Work to be completed
Copy nothing from the entries below except the lines from the one containing "15P Katie Price" through the one containing "BMW X3 XDrive20d", and copy those exactly.

Crawled caption data

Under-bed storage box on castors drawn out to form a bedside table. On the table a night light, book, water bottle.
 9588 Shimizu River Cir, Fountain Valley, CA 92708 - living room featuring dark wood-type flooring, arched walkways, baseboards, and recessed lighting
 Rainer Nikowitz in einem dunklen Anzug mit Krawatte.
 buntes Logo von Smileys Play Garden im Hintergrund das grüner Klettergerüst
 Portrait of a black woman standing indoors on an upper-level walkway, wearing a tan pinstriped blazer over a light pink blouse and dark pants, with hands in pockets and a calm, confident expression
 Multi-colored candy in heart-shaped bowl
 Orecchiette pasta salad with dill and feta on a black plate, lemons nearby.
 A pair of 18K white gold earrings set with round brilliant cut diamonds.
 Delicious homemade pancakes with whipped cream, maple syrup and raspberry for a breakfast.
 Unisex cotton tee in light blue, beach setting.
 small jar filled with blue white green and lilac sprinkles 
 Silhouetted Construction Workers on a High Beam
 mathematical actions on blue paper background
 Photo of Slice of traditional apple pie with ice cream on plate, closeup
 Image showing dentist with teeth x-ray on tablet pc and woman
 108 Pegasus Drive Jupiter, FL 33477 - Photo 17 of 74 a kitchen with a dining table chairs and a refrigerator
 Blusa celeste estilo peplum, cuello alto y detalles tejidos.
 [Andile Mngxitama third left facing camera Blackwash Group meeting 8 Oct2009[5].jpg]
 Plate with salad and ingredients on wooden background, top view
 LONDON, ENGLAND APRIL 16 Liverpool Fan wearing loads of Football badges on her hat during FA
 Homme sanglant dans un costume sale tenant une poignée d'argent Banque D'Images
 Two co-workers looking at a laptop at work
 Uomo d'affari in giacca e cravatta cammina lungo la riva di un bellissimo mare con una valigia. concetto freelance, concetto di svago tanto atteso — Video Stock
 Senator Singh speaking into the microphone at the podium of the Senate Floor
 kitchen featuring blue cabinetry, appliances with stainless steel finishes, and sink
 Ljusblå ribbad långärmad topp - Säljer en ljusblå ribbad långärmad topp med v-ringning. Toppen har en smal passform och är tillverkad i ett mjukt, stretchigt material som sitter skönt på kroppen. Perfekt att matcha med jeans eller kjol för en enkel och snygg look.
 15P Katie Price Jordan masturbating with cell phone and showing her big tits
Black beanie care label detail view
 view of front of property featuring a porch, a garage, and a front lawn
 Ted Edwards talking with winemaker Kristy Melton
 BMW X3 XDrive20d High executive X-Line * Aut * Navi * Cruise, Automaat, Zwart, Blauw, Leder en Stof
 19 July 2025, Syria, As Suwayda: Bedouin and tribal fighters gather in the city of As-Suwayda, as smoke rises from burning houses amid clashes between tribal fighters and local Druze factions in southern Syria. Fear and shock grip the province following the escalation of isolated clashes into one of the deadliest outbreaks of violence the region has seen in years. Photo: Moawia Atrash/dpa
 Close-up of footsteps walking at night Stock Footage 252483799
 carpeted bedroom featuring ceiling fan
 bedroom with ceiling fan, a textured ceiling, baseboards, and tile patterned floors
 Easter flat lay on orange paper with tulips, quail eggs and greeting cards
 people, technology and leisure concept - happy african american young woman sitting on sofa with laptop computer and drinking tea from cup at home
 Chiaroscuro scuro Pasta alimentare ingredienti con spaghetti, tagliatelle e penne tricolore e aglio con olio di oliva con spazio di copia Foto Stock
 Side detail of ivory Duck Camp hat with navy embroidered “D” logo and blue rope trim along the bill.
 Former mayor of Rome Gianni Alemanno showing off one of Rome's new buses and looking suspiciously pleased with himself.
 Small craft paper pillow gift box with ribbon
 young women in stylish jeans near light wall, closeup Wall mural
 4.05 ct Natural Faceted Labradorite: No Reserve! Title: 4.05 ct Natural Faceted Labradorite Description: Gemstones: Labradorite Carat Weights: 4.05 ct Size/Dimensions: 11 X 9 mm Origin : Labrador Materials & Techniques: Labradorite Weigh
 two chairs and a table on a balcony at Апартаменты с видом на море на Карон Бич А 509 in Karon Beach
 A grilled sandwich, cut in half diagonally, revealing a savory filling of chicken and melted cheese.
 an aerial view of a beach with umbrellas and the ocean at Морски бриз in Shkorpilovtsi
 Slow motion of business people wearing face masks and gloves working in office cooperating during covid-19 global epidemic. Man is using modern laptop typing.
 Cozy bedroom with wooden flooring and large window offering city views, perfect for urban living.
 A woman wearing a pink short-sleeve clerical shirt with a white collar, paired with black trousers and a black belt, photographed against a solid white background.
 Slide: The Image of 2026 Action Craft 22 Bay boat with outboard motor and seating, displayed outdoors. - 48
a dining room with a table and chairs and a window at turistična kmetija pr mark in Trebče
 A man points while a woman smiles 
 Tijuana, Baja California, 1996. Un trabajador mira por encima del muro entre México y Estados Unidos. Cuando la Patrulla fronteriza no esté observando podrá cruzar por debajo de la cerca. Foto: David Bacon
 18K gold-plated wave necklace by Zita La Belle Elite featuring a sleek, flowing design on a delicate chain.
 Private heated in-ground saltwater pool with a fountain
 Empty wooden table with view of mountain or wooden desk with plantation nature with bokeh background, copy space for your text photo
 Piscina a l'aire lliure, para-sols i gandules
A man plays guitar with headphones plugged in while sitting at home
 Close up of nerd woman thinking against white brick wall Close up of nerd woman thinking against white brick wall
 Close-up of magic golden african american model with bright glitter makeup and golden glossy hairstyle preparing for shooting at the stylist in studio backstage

Reply to the task
 15P Katie Price Jordan masturbating with cell phone and showing her big tits
Black beanie care label detail view
 view of front of property featuring a porch, a garage, and a front lawn
 Ted Edwards talking with winemaker Kristy Melton
 BMW X3 XDrive20d High executive X-Line * Aut * Navi * Cruise, Automaat, Zwart, Blauw, Leder en Stof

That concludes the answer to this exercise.